Your task is to repeat exactly the lines below between the line holding "thumbnail image 6" and the line holding "Merkloos Glazen Nagelvijl Paars 2 Stuks", inclusive, and only those.

> Material for the task:

= Beginning of Section =

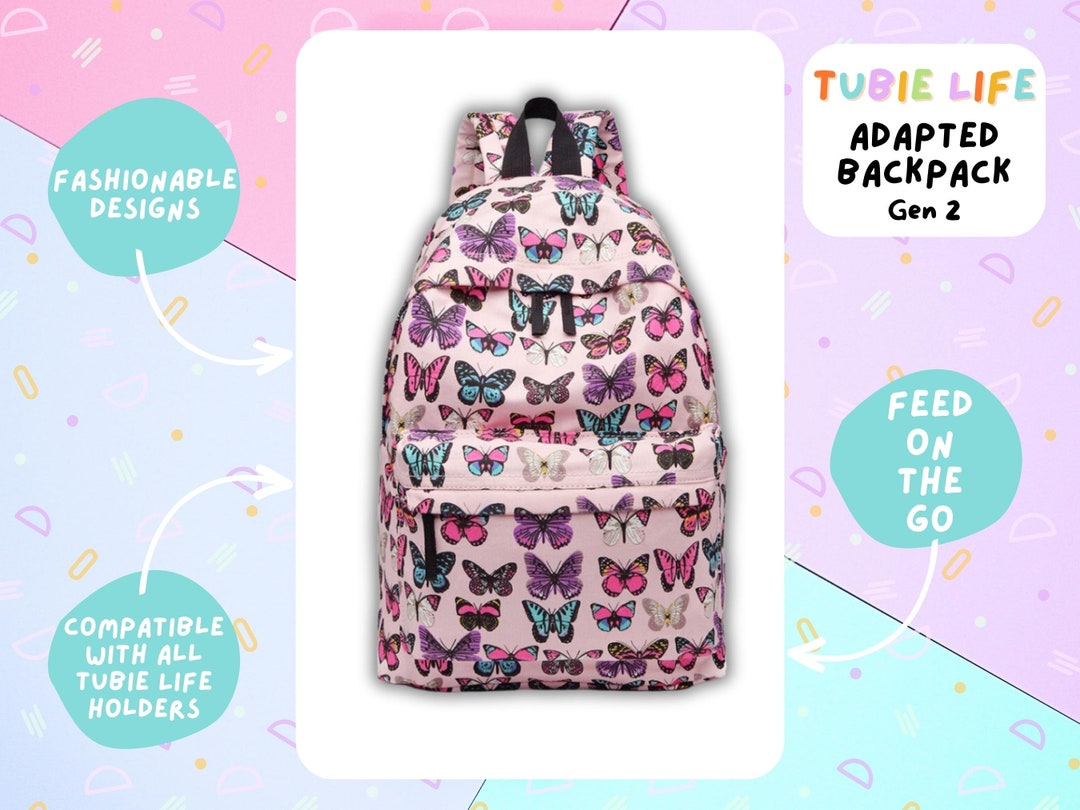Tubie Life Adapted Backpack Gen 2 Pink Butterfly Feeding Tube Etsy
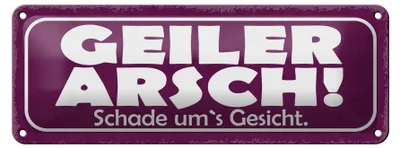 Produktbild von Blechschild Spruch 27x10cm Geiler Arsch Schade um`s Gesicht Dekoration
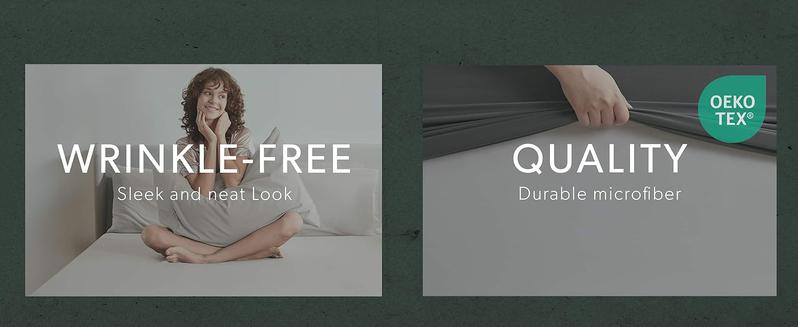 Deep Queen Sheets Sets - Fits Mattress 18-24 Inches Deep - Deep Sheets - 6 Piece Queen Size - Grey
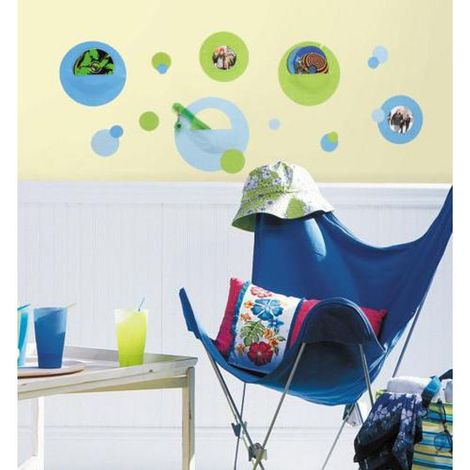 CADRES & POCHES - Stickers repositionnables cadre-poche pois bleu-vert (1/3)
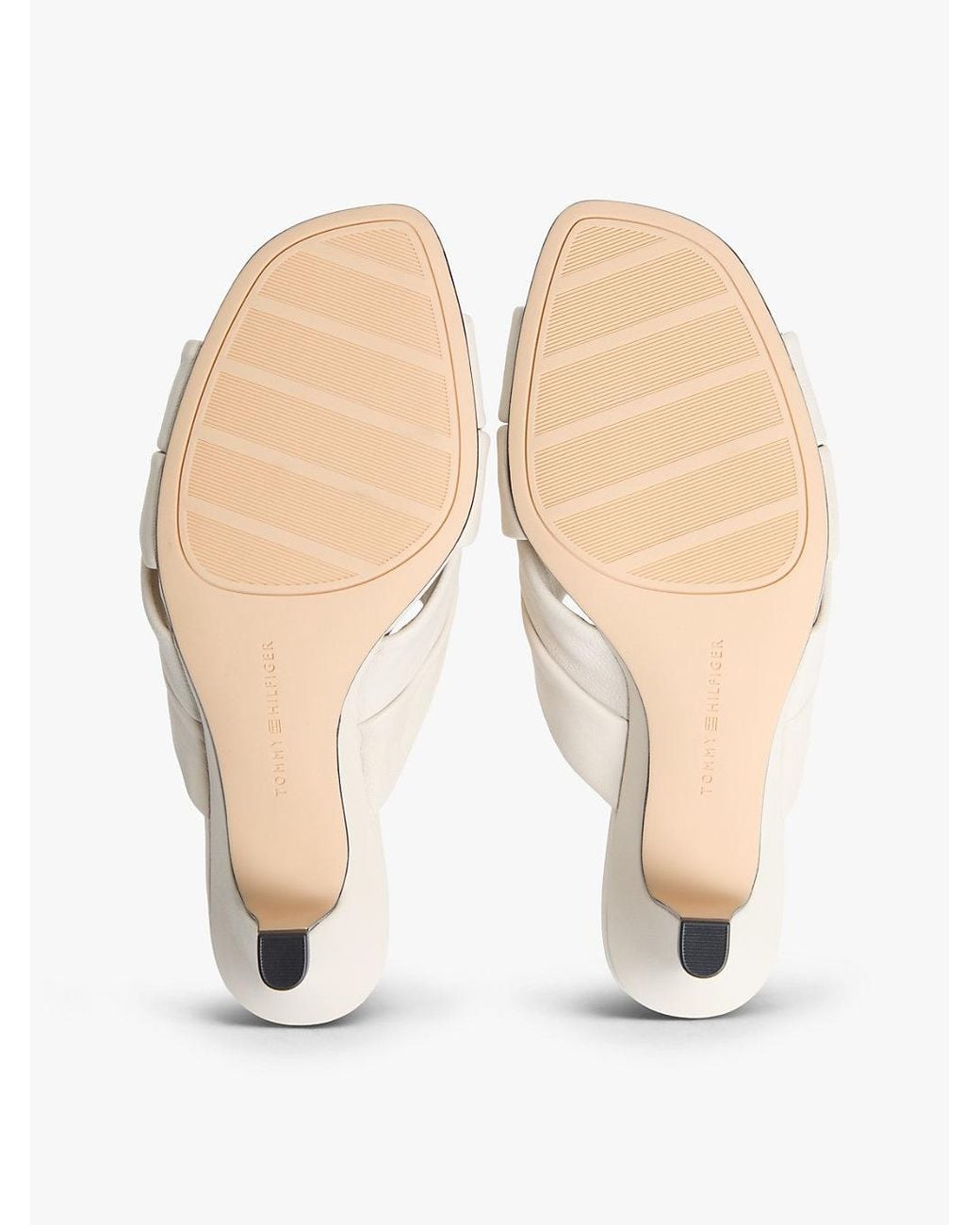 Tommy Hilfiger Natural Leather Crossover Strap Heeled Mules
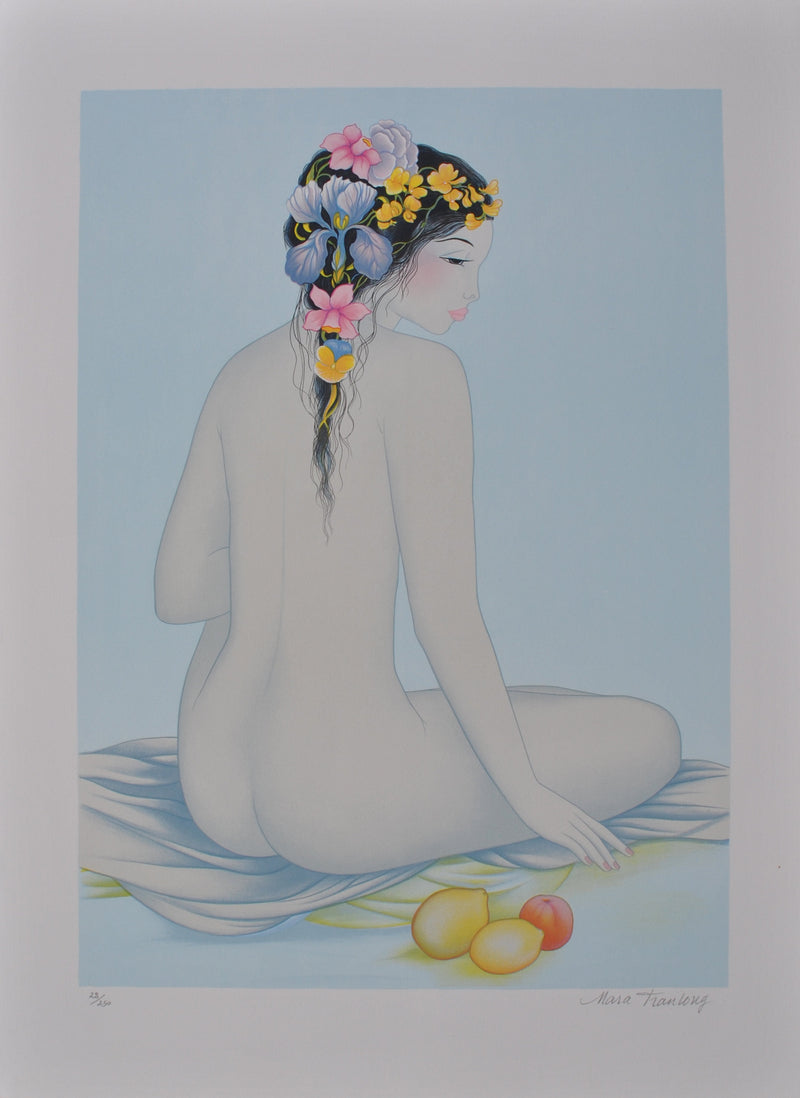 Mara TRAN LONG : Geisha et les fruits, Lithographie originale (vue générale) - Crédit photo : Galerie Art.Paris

= End of Section =
= Beginning of Section =

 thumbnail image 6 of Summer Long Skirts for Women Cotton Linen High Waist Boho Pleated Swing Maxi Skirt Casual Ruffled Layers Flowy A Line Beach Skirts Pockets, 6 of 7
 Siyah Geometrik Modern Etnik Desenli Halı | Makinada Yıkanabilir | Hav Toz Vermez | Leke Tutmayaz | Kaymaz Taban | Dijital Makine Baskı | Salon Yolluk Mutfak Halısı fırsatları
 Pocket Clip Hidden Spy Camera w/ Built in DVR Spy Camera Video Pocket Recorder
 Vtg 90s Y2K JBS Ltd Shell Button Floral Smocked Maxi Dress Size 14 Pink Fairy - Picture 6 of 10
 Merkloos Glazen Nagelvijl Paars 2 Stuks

= End of Section =
= Beginning of Section =

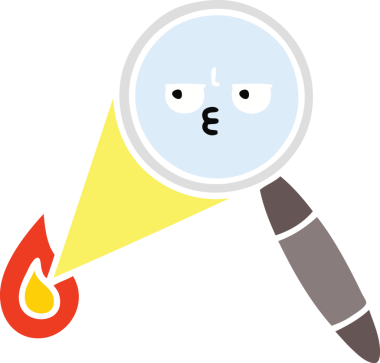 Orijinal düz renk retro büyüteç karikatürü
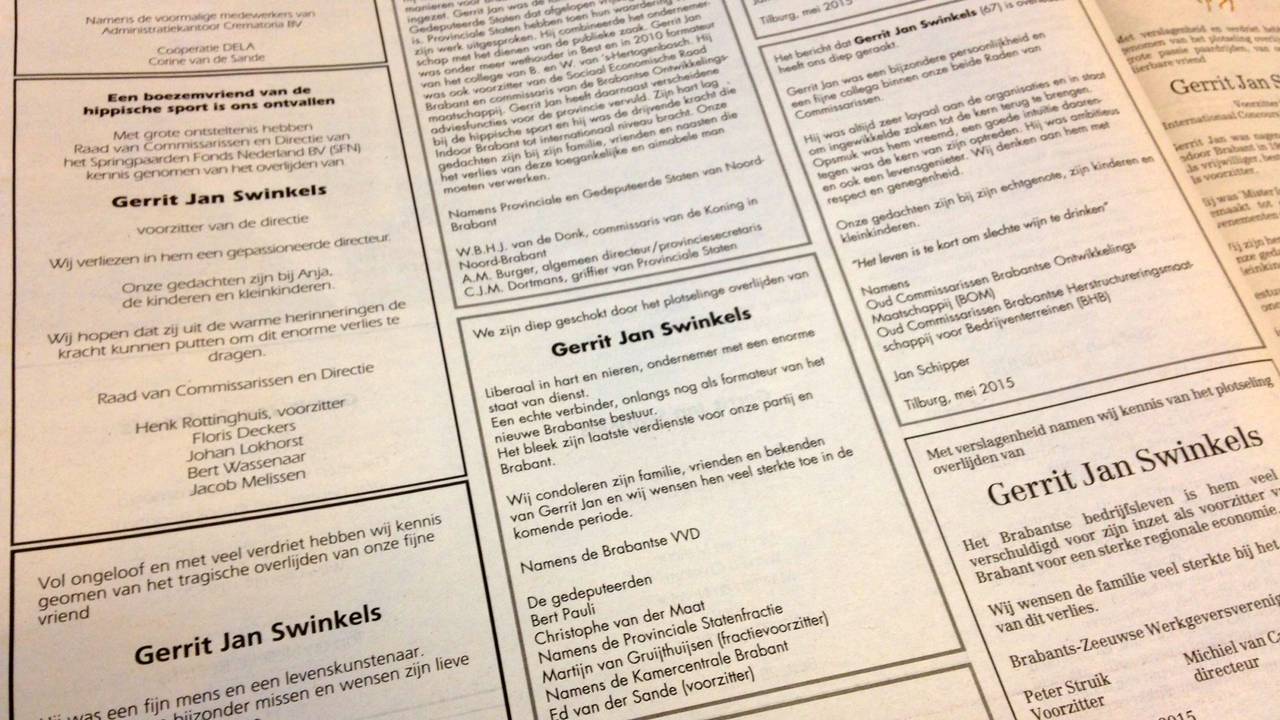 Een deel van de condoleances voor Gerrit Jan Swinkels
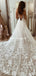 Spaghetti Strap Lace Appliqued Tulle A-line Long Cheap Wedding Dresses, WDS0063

= End of Section =

> Response to the exercise:
 thumbnail image 6 of Summer Long Skirts for Women Cotton Linen High Waist Boho Pleated Swing Maxi Skirt Casual Ruffled Layers Flowy A Line Beach Skirts Pockets, 6 of 7
 Siyah Geometrik Modern Etnik Desenli Halı | Makinada Yıkanabilir | Hav Toz Vermez | Leke Tutmayaz | Kaymaz Taban | Dijital Makine Baskı | Salon Yolluk Mutfak Halısı fırsatları
 Pocket Clip Hidden Spy Camera w/ Built in DVR Spy Camera Video Pocket Recorder
 Vtg 90s Y2K JBS Ltd Shell Button Floral Smocked Maxi Dress Size 14 Pink Fairy - Picture 6 of 10
 Merkloos Glazen Nagelvijl Paars 2 Stuks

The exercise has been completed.